This image displays SitePoint’s recent activity on Facebook.

fig10

The helpers in the previous examples required no initialization. Now let’s take a look at some helpers that do, and how you can set up initialization. To begin with, make a note of the Site URL where your site is running. Click on the Site workspace, and then Settings.

fig11

Next, you’ll need to navigate to http://www.facebook.com/developers/createapp.php and register a new Facebook application. Make note of the Application Id and Secret,—you’ll need to log into your Facebook account for this. Once you’re logged in, enter the application name and click Create App, as shown below.

fig12

Once you’ve passed the security check, you’ll be able to enter in the site details. This screen also includes the Application ID and Application Secret, which are needed for your site. When creating your Facebook application, make sure you set the Site Url to http://localhost:[port]/, replacing the [port] placeholder with the port where your local WebMatrix site is running (as shown below).

Click Save Changes when you’re finished. Let’s now take a look at the Comments helper.

Comments

The Comments shows Facebook comments. The comments box easily enables your users to comment on your site’s content. The first step is to add the Initialize helper and pass in the Application ID and Application Secret from the previous section:

@{

    Facebook.Initialize("{your App ID}", "{your App Secret}");

}

Once that’s done, the next step is to is add the FbmlNamespaces, GetInitializationScripts, and Comments helpers.
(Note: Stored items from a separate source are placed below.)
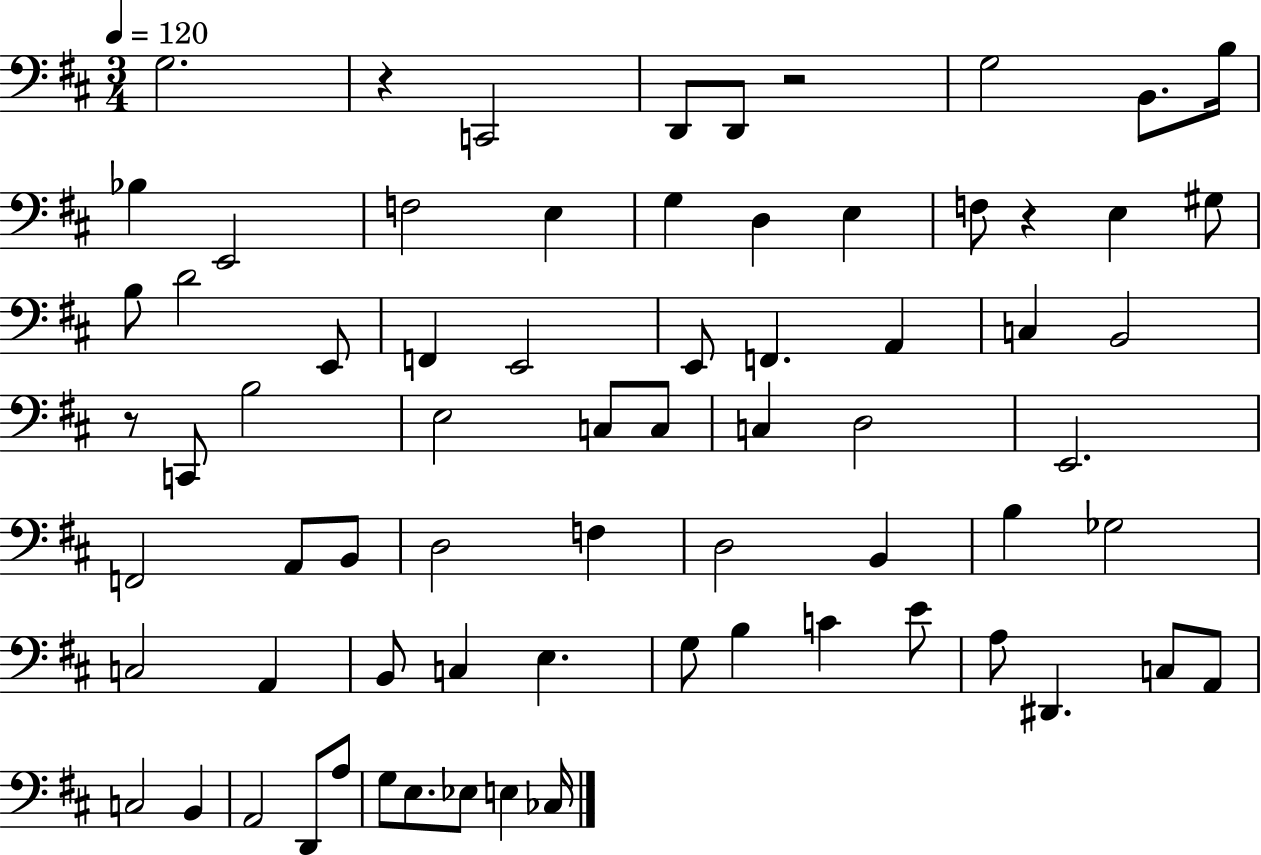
{
  \clef bass
  \numericTimeSignature
  \time 3/4
  \key d \major
  \tempo 4 = 120
  g2. | r4 c,2 | d,8 d,8 r2 | g2 b,8. b16 | \break bes4 e,2 | f2 e4 | g4 d4 e4 | f8 r4 e4 gis8 | \break b8 d'2 e,8 | f,4 e,2 | e,8 f,4. a,4 | c4 b,2 | \break r8 c,8 b2 | e2 c8 c8 | c4 d2 | e,2. | \break f,2 a,8 b,8 | d2 f4 | d2 b,4 | b4 ges2 | \break c2 a,4 | b,8 c4 e4. | g8 b4 c'4 e'8 | a8 dis,4. c8 a,8 | \break c2 b,4 | a,2 d,8 a8 | g8 e8. ees8 e4 ces16 | \bar "|."
}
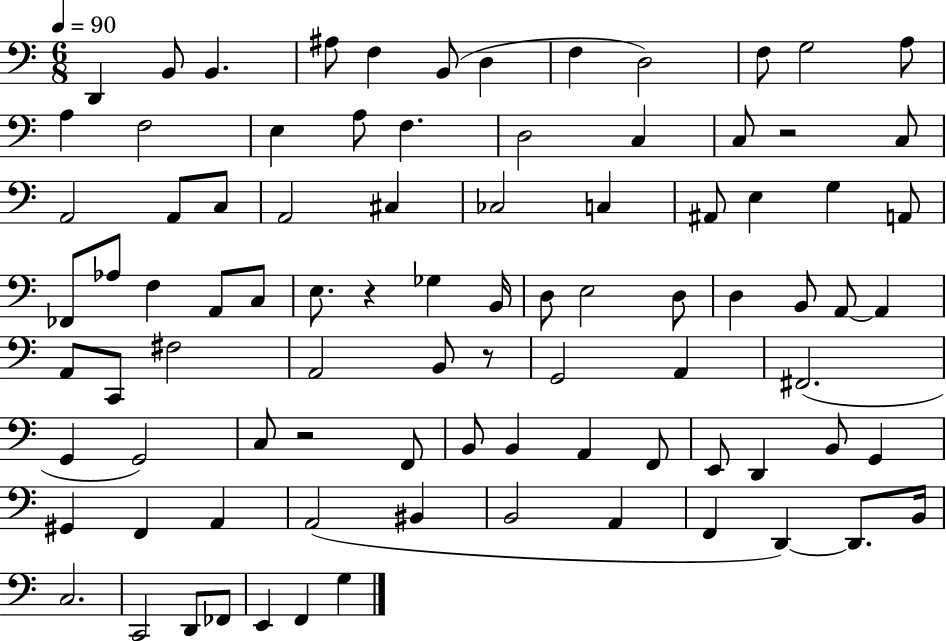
{
  \clef bass
  \numericTimeSignature
  \time 6/8
  \key c \major
  \tempo 4 = 90
  d,4 b,8 b,4. | ais8 f4 b,8( d4 | f4 d2) | f8 g2 a8 | \break a4 f2 | e4 a8 f4. | d2 c4 | c8 r2 c8 | \break a,2 a,8 c8 | a,2 cis4 | ces2 c4 | ais,8 e4 g4 a,8 | \break fes,8 aes8 f4 a,8 c8 | e8. r4 ges4 b,16 | d8 e2 d8 | d4 b,8 a,8~~ a,4 | \break a,8 c,8 fis2 | a,2 b,8 r8 | g,2 a,4 | fis,2.( | \break g,4 g,2) | c8 r2 f,8 | b,8 b,4 a,4 f,8 | e,8 d,4 b,8 g,4 | \break gis,4 f,4 a,4 | a,2( bis,4 | b,2 a,4 | f,4 d,4~~) d,8. b,16 | \break c2. | c,2 d,8 fes,8 | e,4 f,4 g4 | \bar "|."
}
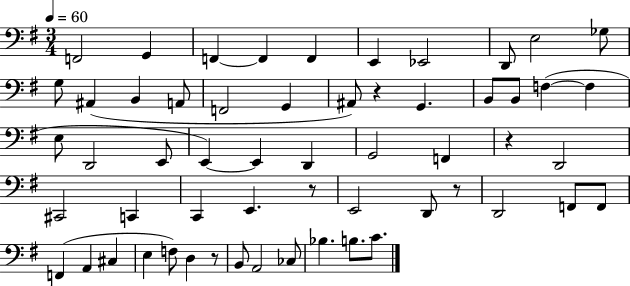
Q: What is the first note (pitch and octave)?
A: F2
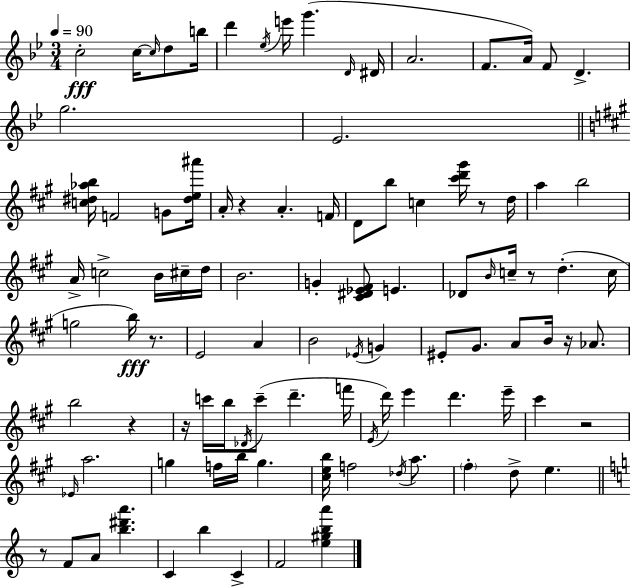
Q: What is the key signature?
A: BES major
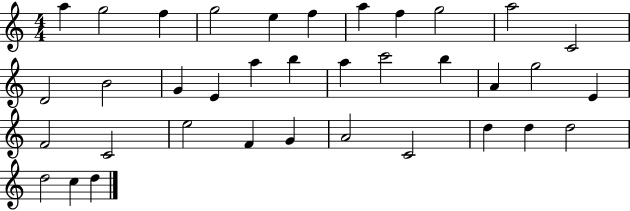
{
  \clef treble
  \numericTimeSignature
  \time 4/4
  \key c \major
  a''4 g''2 f''4 | g''2 e''4 f''4 | a''4 f''4 g''2 | a''2 c'2 | \break d'2 b'2 | g'4 e'4 a''4 b''4 | a''4 c'''2 b''4 | a'4 g''2 e'4 | \break f'2 c'2 | e''2 f'4 g'4 | a'2 c'2 | d''4 d''4 d''2 | \break d''2 c''4 d''4 | \bar "|."
}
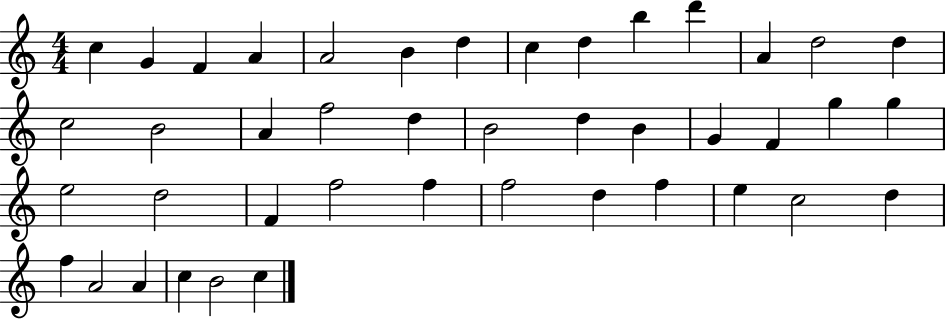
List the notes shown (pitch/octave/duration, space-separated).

C5/q G4/q F4/q A4/q A4/h B4/q D5/q C5/q D5/q B5/q D6/q A4/q D5/h D5/q C5/h B4/h A4/q F5/h D5/q B4/h D5/q B4/q G4/q F4/q G5/q G5/q E5/h D5/h F4/q F5/h F5/q F5/h D5/q F5/q E5/q C5/h D5/q F5/q A4/h A4/q C5/q B4/h C5/q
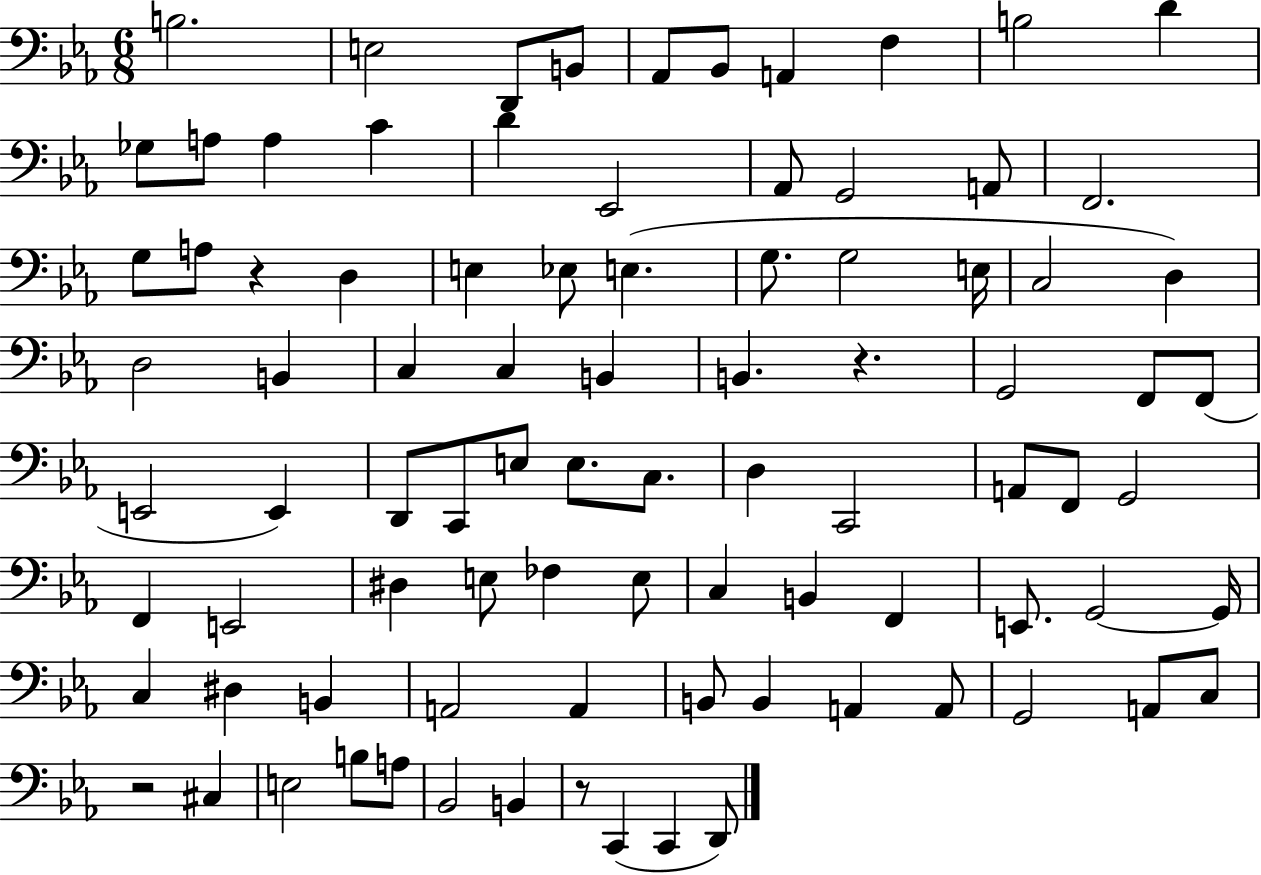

This code is all you need to enable Facebook comments:

@{

    Facebook.Initialize("xxxxxxxxxxxxxxx", "xxaxaaxxaxaxxxaxaxxxxaaxaxxxaxax");

}

<!DOCTYPE html>

<html @Facebook.FbmlNamespaces()>

    <head>

        <meta charset="utf-8" />

        <title>Facebook Helpers</title>

    </head>

    <body>

        @Facebook.GetInitializationScripts()

        @Facebook.Comments()

    </body>

</html>

The result can be seen here.

fig13

For a full list of the Facebook helpers, go to http://facebookhelper.codeplex.com.

Twitter

The TwitterGoodies helper is designed to integrate your WebMatrix site with Twitter, making it possible to add functionality such as access to searches and user profiles in a few simple steps. Let’s take a look at some of the helpers and see how easy it is to make this work.

Profile

The Profile helper loads a Twitter profile. If you want to view the up-to-date tweets from SitePoint, here’s the code:

<!DOCTYPE html>

<html>

    <head>

        <meta charset="utf-8" />

        <title>Twitter Helpers</title>

    </head>

    <body>

        @TwitterGoodies.Profile(username: "sitepointdotcom")

    </body>

</html>

The result is shown here.

fig14

Search

The Search helper gives you the ability to search Twitter. The search can be based on trends or profiles. The following code adds the helper to your page, which automatically updates with the latest searches for SitePoint:

<!DOCTYPE html>

<html>

    <head>

        <meta charset="utf-8" />

        <title>Twitter Helpers</title>

    </head>

    <body>

        @TwitterGoodies.Search(searchQuery: "sitepointdotcom")

    </body>

</html>

And here are the search results.

fig15

Bing

The Bing web helper gives you the power to add a Bing search to your website. If you wanted to give users the ability to search on the Microsoft website from your website, add the following code:

@Bing.SearchBox("http://www.microsoft.com")

fig16

You also have the option of displaying advanced search options by using the AdvancedSearchBox method:

@Bing.AdvancedSearchBox(

    siteUrl: "http://www.asp.net",

    siteName: "ASP.NET",

    boxWidth: 200,

    resultWidth: 300,

    resultHeight: 300,

    themeColor: "Blue",

    locale: "en-AU"

)

By using optional parameters in .NET 4.0, I can specify one or all parameters for the AdvancedSearchBox method.  Searching for ASP.NET 4.0 displays the following results.

fig17

Chart

Charts are a great way to graphically represent data, and the Chart Web Helper makes it simple to add charts to your website. To render a chart, create a new page called PeopleChart.cshtml and add the following code:

<!DOCTYPE html>

<html lang="en">

    <head>

        <meta charset="utf-8" />

        <title></title>

    </head>

    <body>

        @{

        var key = new Chart(width: 600, height: 400)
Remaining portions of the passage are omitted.